October 12, 1994
Merle Haggard, 1994 (Curb Records 1994) -- On his 65th (good golly!) album, country legend Merle Haggard shows that he hasn't yet run out of steam. Backed by a strong band, and featuring likeable, intelligent songs, 1994 should revive Haggard's career.
And what a career he's had. A long-time Bakersfield native (he moved north to Lake Shasta in the 80s), Haggard wrote such classics as "Okie from Muskogee" and "Today I Started Loving You Again," and has been named "Top Male Vocalist of the Year" by the Academy of Country Music. Matched against his long history of recording success is an equally long history of personal difficulties. As a young man, Haggard spent three years in San Quentin (he was later pardoned by then-governor Ronald Reagan); Haggard is also on his fifth marriage.
Aside from a couple of cuts written by long-time collaborator Max D. Barnes, the songs on 1994 were written or co-written by Haggard. Rather than wallowing in the familiar country trough of liquor, pick-ups, and chasin' ladies, Haggard delivers tales about relationships and the traveling life with feeling and conviction. From his convincing cover of Willie Nelson's "Valentine" to the playful "What's New In New York City" to his ode to the road, "Troubadour," 1994 finds Haggard in fine form.
They say an artist should write about that which he knows, and perhaps that's what sets 1994 apart. Instead of espousing any flavor-of-the-day political or moral views, Haggard sings from his experiences. Thus, on "Troubadour," he acknowledges, "Rhinestone guitar cases/Honky tonks and army bases/Tryin' to keep my name up there in the lights...Troubadour, I'm just a troubadour/Doin' everybody's favorite song."
1994 deserves comparison to Willie Nelson's comeback album, Across the Border (1993) -- both stick to their roots, and both deliver with compassion and conviction. 1994 is a fine serving from Haggard, and should be welcomed by all country fans.
Harry Connick, Jr., She (Columbia 1994) -- New Orleans native Harry Connick has previously staked out a singular position as a champion of barrelhouse jazz and preserver of American classics (as featured in his soundtrack to When Harry Met Sally). With five gold and five platinum albums behind him, Connick now aims to broaden his audience.
She marks a new departure for the artist; its 14 cuts were all written by Connick, and have a decidedly pop feel to them. Like his other albums, She was recorded in New Orleans, and features a strong supporting cast, including Leroy Jones on trumpet, George Porter, Jr. on bass, and Joseph "Zigaboo" Modeleiste on drums. The multi-talented Connick plays all the keyboard parts and contributes all of the lead vocals.
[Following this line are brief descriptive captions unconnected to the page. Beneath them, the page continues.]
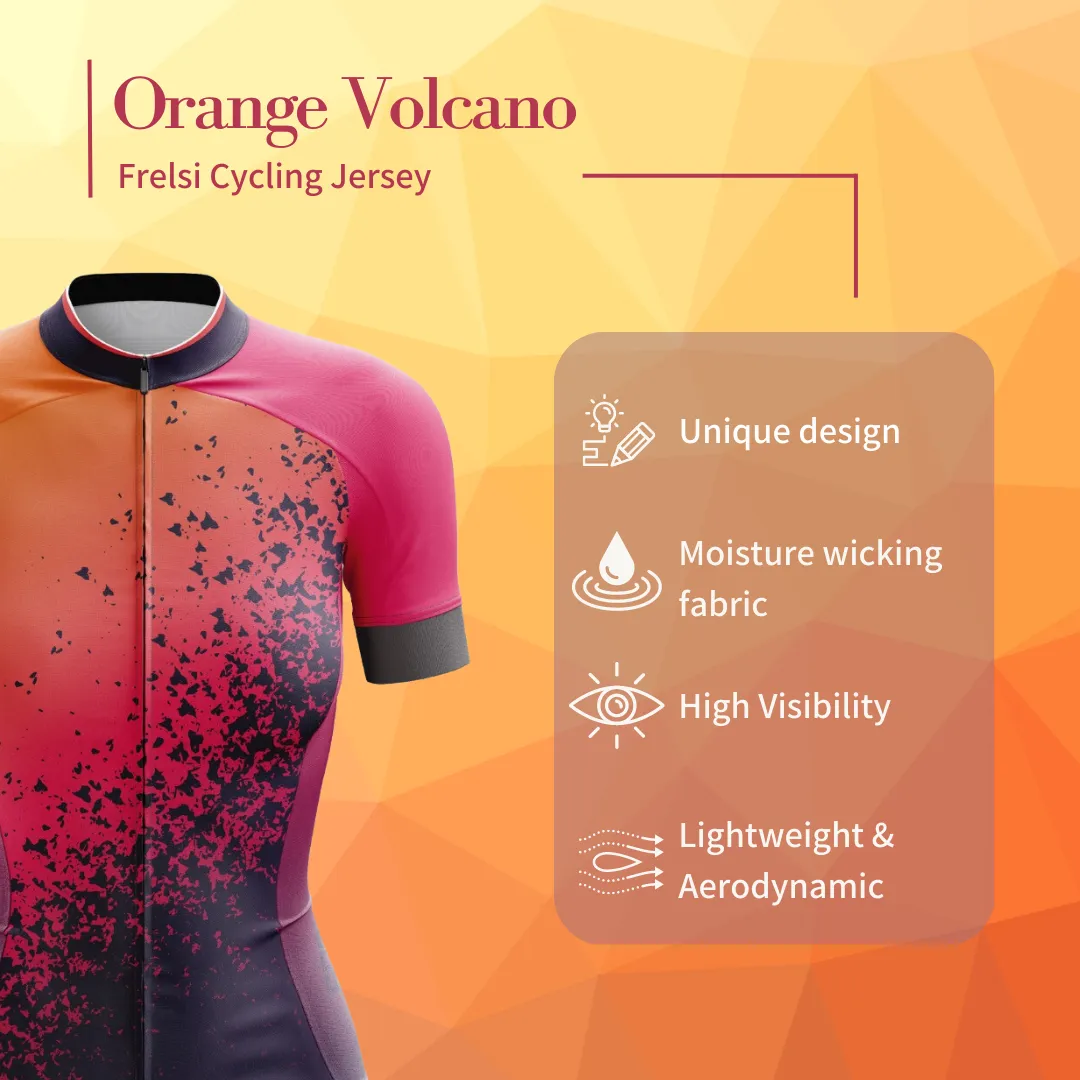 Orange Volcano | Women's Short Sleeve Cycling Jersey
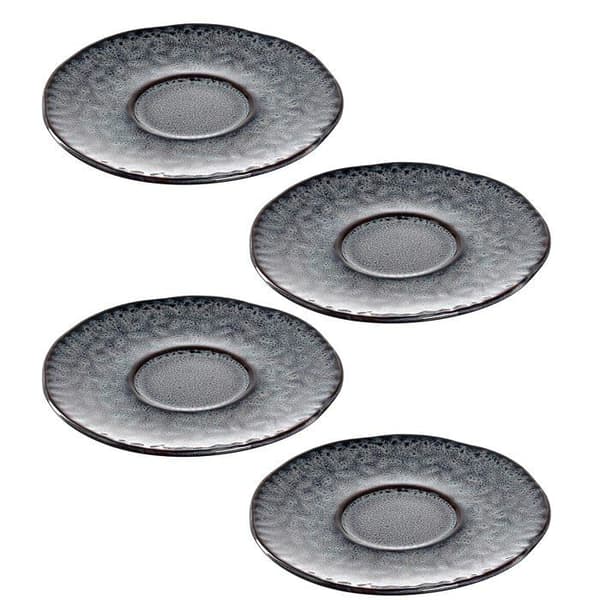 Glasunderlägg - Leonardo hemflaskunderlägg - 018599 - MATERA Set med 4 antracitkeramiska fat 11 cm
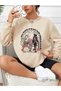 Women's Mink Cowboy Printed Oversize Sweatshirt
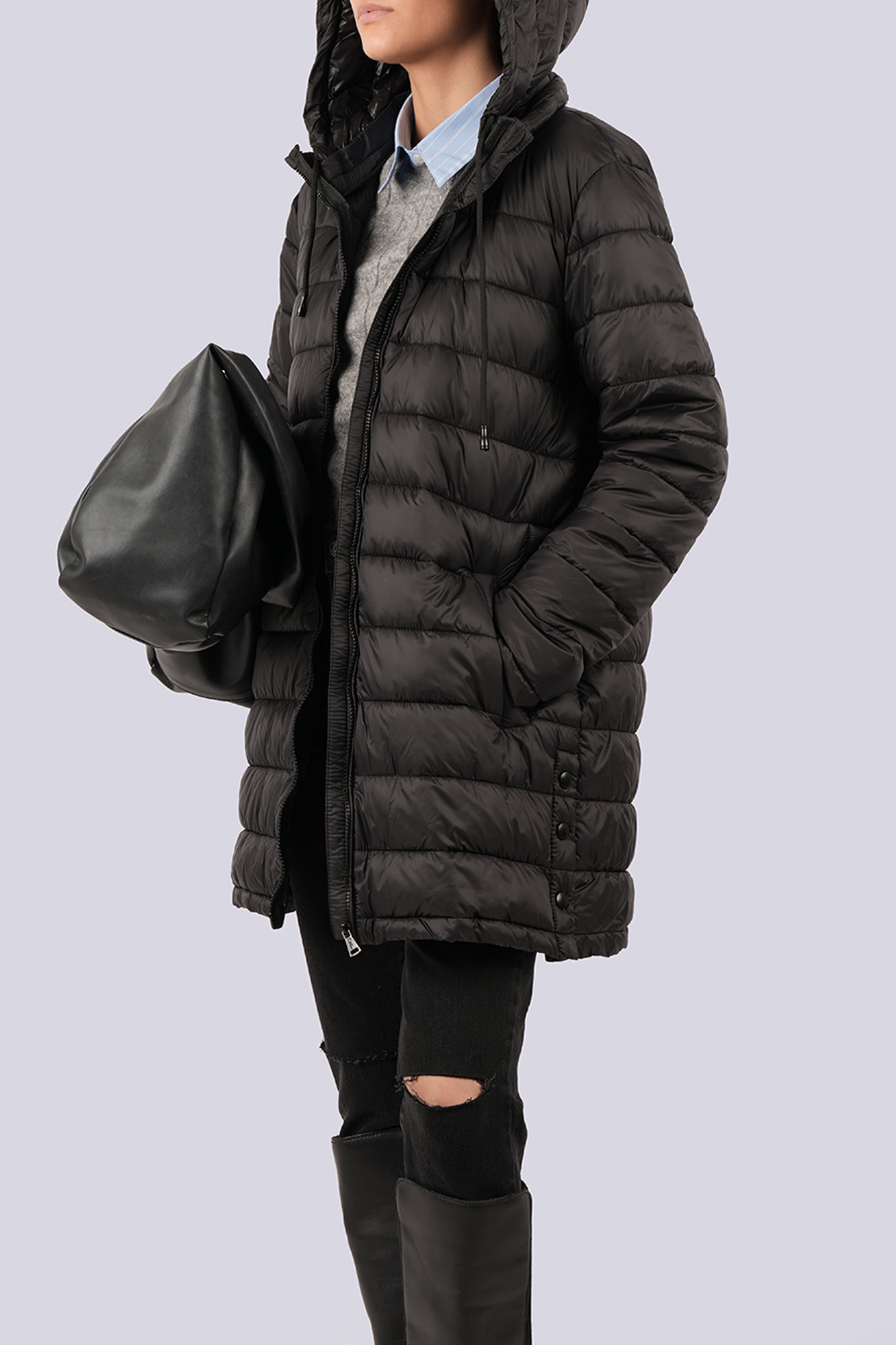 کاپشن بلند ساده زنانه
Frankly, I came to She with some pre-conceived prejudices against the cherubic-faced Connick. However, She has a disarmingly likeable feel to it. Though the thematic material isn't always deep, the delivery is smooth, and the production work impeccable. For some reason, this album brings back memories of Billy Joel's 52nd Street, as Connick shows that the urban Tin Pan Alley sound never died, it just got repackaged. While Connick isn't as street smart as Joel, neither is he as world-weary as Joel now sounds; Connick's up-beat attitude enables him to carry off this lighter-weight material with style.
From the pleasant funk influences of "She" through the playful "Here Comes the Big Parade" to the more rollicking "To Love the Language," She consistently delivers the goods. Though the album tends toward the safe side of the spectrum, it's a solid 60 minute effort, and should please both new and old fans of Connick.
Willie & Lobo, Fandango Nights (Mesa 1994) -- The unlikely musical duo of Willie Royal (electric violin) and Wolfgang 'Lobo' Fink (acoustic guitar) have released their second instrumental album, Fandango Nights. By enlisting additional musicians and revealing their lighter side, Fandango Nights is a breakthrough for this talented pair.
Willie & Lobo appeared earlier this year in Fresno, and the show was a knockout. The duo plays an unusual style of music -- with their jazz, flamenco, Middle Eastern, and pop influences, it's hard to peg them into any category. However, they have an obvious chemistry, and always liven the stage with their exotic stylings.
On Fandango Nights, Willie & Lobo employed a full studio band, including Efrain Toro on drums and percussions; keyboards and horns courtesy of fellow Mesa artist, Rick Braun; Bob Feldman on bass; and Suzie Katayama on cello. With this broadened sound, the 14 cuts on Fandango Nights transcend the incredible playing of Willie & Lobo.
The focus in "Bahia da Banderas" (a song about their home base, Puerta Vallerta) is the song's sweet melody and Willie's unearthly violin playing. By contrast, "A Dozen Camels" (a song with Arabian influences) displays Lobo's incredible six string technique; as Willie & Lobo say, "It costs a dozen camels to get the woman you love in the Arabian desert."
There's no easy way to describe this music. Fandango Nights is more fun-loving than its predecessor (Gypsy Boogaloo), and showcases the eclectic talents of Willie & Lobo. Try it, you'll like it.